■ **What is required**: Using only the entries below, copy exactly the lines that begin at the one with "Cận cảnh đúc" and end at the one with "Se robó el vaso", both included. Drop the pictures.

■ **Records**:
────────────────────
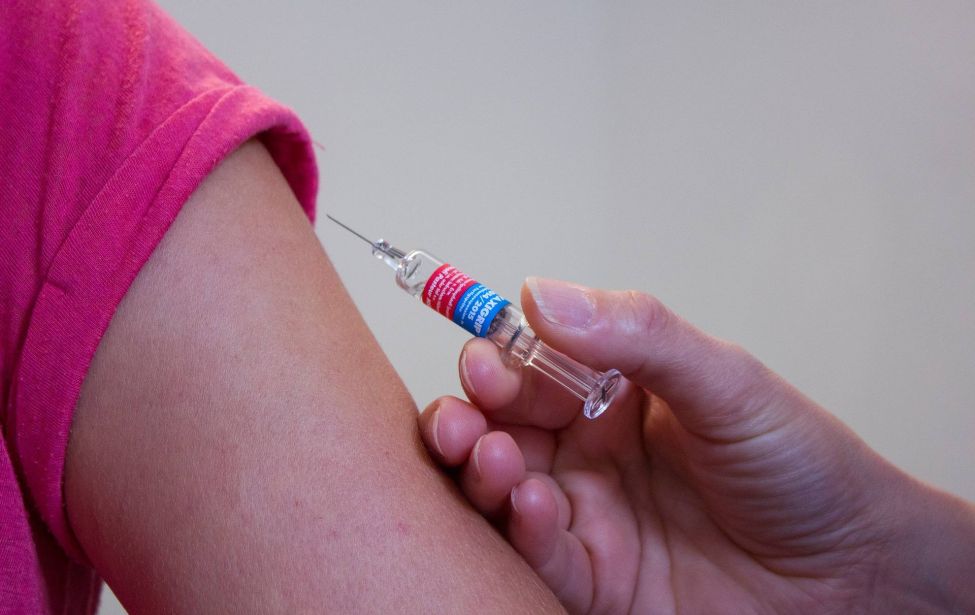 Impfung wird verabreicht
────────────────────
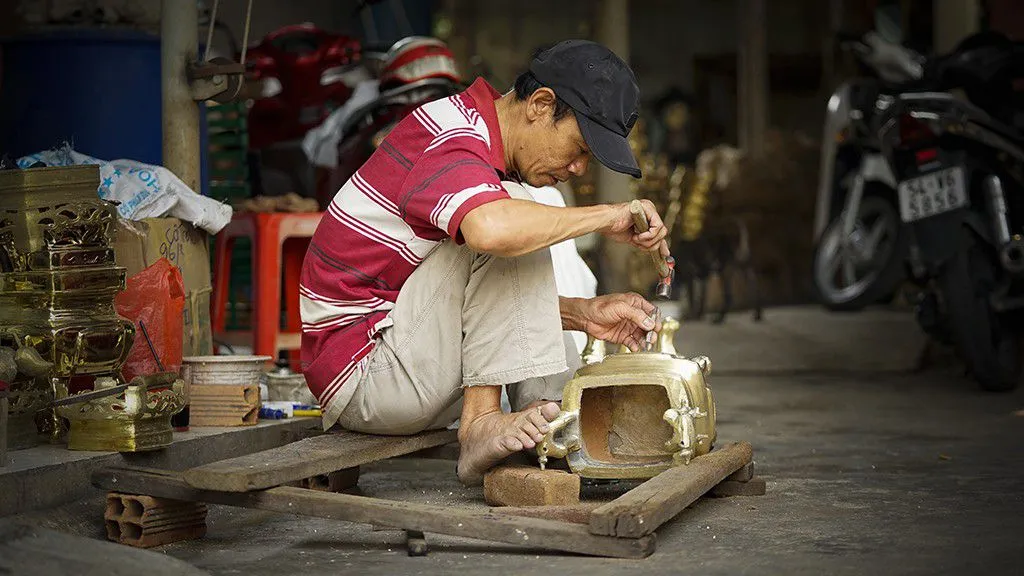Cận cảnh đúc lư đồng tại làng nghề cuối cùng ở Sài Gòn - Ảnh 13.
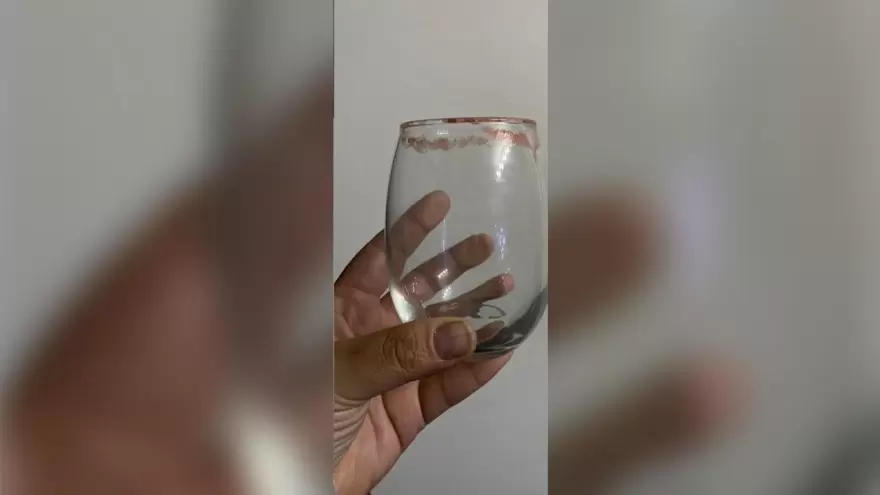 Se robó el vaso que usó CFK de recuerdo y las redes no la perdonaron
────────────────────
■ **Solution**:
Cận cảnh đúc lư đồng tại làng nghề cuối cùng ở Sài Gòn - Ảnh 13.
 Se robó el vaso que usó CFK de recuerdo y las redes no la perdonaron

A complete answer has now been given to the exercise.